Yes you can! Lycra or no lycra, Brake the Cycle rides are open to all.
Cycle touring isn’t the preserve of cycling clubs and the super fit, and is a great way to see the world as our very own Tom Shakhli explains...
Me, on a cycling tour? Really?
Yes, really. We like to think of ourselves as offering the most accessible cycling tours by any provider out there. That’s not to say that they are a doddle. It’s more a statement that reflects the help that we give you before and during the tour to give you a little boost. Provided that you can cycle, you have a serviced bike, and you’re able to commit to a couple of training rides beforehand just to give you a bit of saddle time, then trust us, you can do it. We are on hand to talk to you throughout the time leading up to your tour, to consult over bike choices, and to give you training ideas. Once you’ve arrived with us on a tour, and there’s no turning back, you will soon be part of a supportive environment with other riders watching your back, and by the time you’ve made it to the end of day one, you’ll wonder why you didn’t think about doing a cycle tour years ago. You’re already on your way.
So who goes on Brake the Cycle tours?
For quite a lot of people who cycle with us, it’s been their first experience of touring. When registering for a tour, we ask you to fill in a form to tell us a bit more about your background and experience on the bike. We quickly find out who will want more support and information and who is more ready to go. We’ve had people on our tours who are members of cycling clubs and on certain tours (particularly those in mountain regions), they have told us that they’ve found the ride challenging. However, we’ve also had newbies on some of the hardest tours. By the end of the trip the gap between the fastest and the slowest narrows as muscles as well as confidence grow. We always cycle in groups, making sure that everyone is in a group that they find comfortable in terms of speed. It’s not a race, and you’re never left behind.
Is everyone together, like, all the time?
No! We're well aware that while it's great to make friends and support one another, for pretty much everyone who comes on tour with us having some time alone is an important part of their trip. Nobody is forced to be part of any group activity, whether that's eating, cycling, or sharing a space. For some people, the time you spend on the bike is essentially alone time, where you might be near other riders but in your own space, and that's enough. Most people bring their own tents and so the time at the end of the day in their tent is a chance to spend a bit of time by yourself. Nobody is judged if they want to spend an evening by themselves, go for a walk, or sit in silence. We all have our reasons for wanting to go away and challenge ourselves with this type of trip, and we know that being part of a group is not always what people need.
Do I need to wear lycra or be a young gun to take part?

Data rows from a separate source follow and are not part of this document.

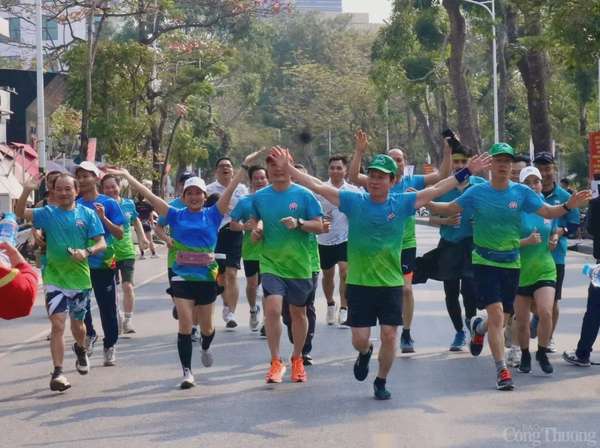 Hơn 10.000 người tham gia Ngày chạy vì Hải Phòng xanh, văn minh và thân thiện năm 2025
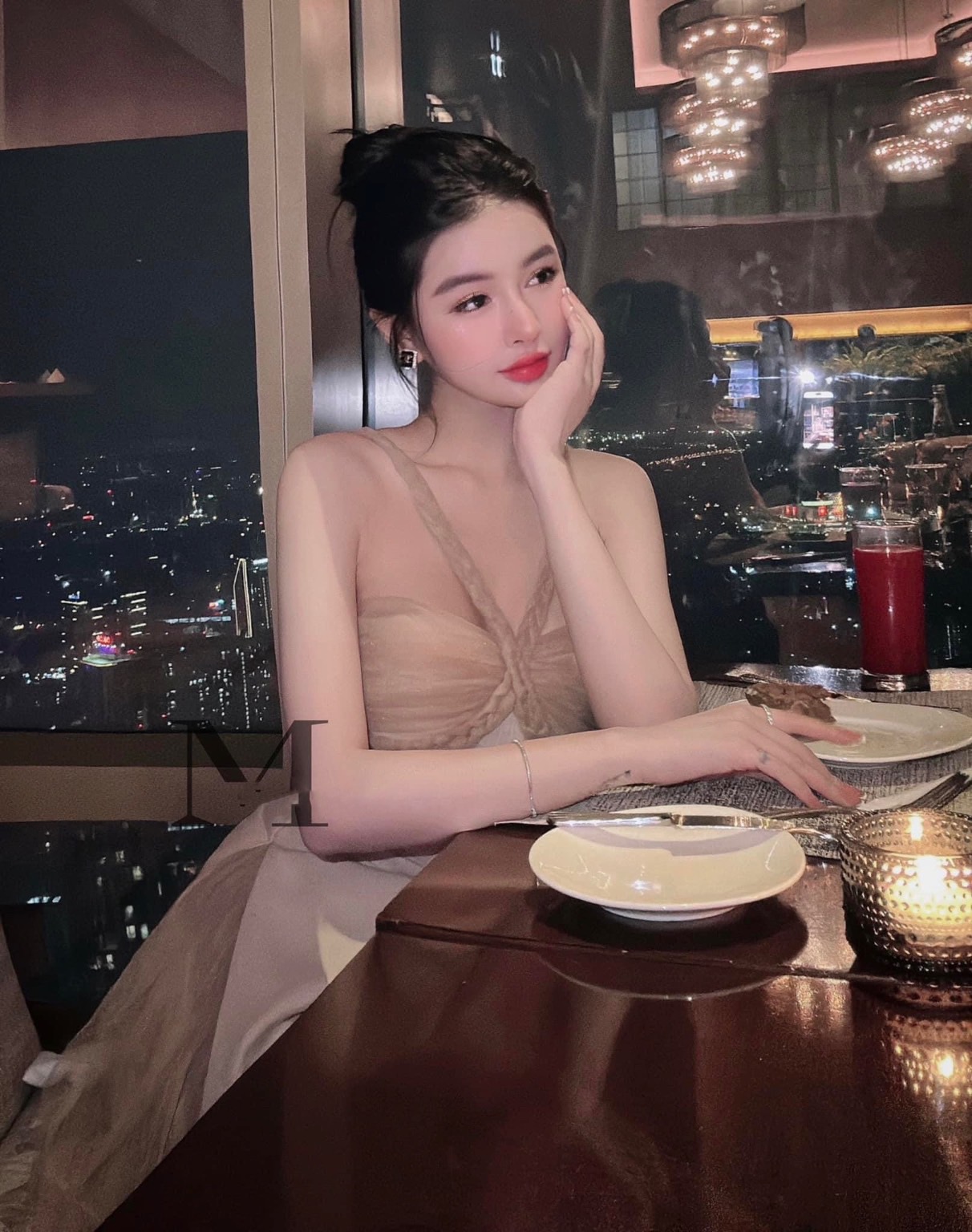 Đầm dự tiệc phối lưới dây tiểu thư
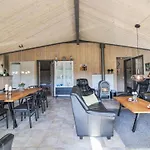 Maureen - 10-5km From The Sea By Interhome *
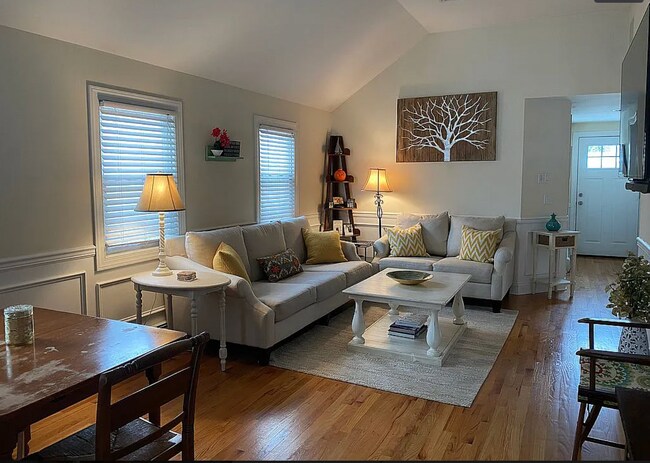 Building Photo - 5 Augusta St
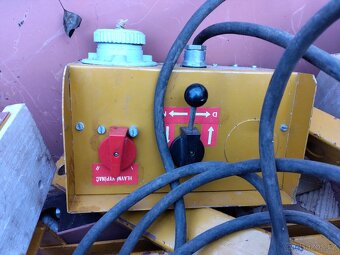 Stavební vrátek, jeřáb. - 2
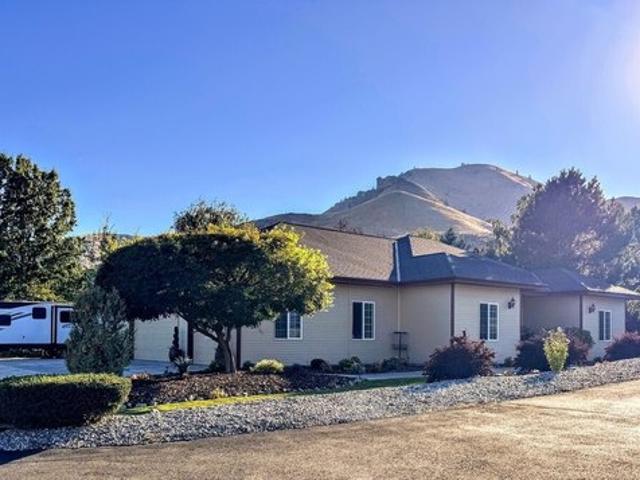 House for sale in Wenatchee, Chelan County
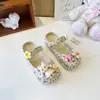 2026 Sandálias de Banho Florais de Verão para Meninas, Chinelos de Ballet Infantil, Sandálias Slip-On, Sapatos Leves de Princesa para Pais e Filhos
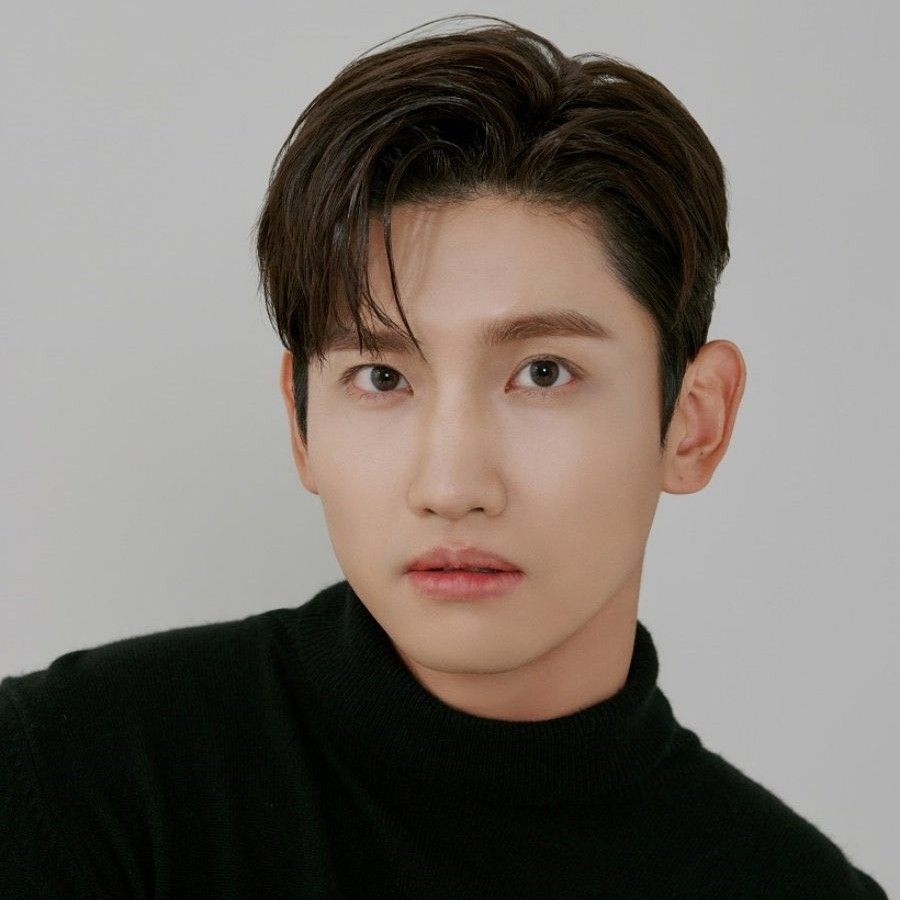 A moment captured by Max (TVXQ)'s fan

Lycra shorts are pretty helpful for long rides as they’re generally more comfortable and lightweight. What you definitely don’t need to do is go full lycra. You’re more than welcome to of course, but a typical Brake the Cycle tour is a mixture of people wearing t-shirts and cycling jerseys, depending on the weather.
In terms of who comes on our tours, we attract a diverse bunch. Our eldest participant has been 65 and our youngest 19, the average being 34. About 55% of riders are women.
It depends on the day and the tour you're on. Some days are designed to be shorter, either to offer active recovery after a hard ride day or to give us more time at an interesting project. But the average is about 55 miles or 90 km. Generally what makes a day more challenging is the amount of climbing we have to do. Tours with more climbing are graded 4-5 whereas flatter ones will be 2-3. You can see the various cycling grades and which tours are in those grades here.
We'd highly recommend a tourer, road bike or hybrid. 95% of our cycling will be on tarmac roads with the remaining 5% being dirt or gravel tracks to access projects. For tours which are grade 3 or more, we’d recommend considering the gearing available to you and making sure it’s as friendly to climbing up hills as possible. If you’re unsure about your bike, by all means get in touch with us, perhaps with a photo of it and we can give our honest opinion.
It depends on your current level and which challenge you're joining, but generally as a guide you should be able to cycle 50-60 miles with 2,000-3,000 feet climbing and it not overly trouble you (with a few breaks, of course). An equivalent ride would be something like London to Brighton. To get to that point, you would probably need to do 3-4 shorter rides building up to it. Any supplementary training you can do, such as a spin class, would be a bonus.
Do you run any training weekends or rides?
Yes we will run evening and daily rides over the summer. Check out our Facebook page to keep up to date with these and to book on.
Full disclaimer: I own a road bike and wear lycra, but on a Brake the Cycle tour I wear a bright Hawaiian shirt (with cycling shorts) as soon as the sun is out!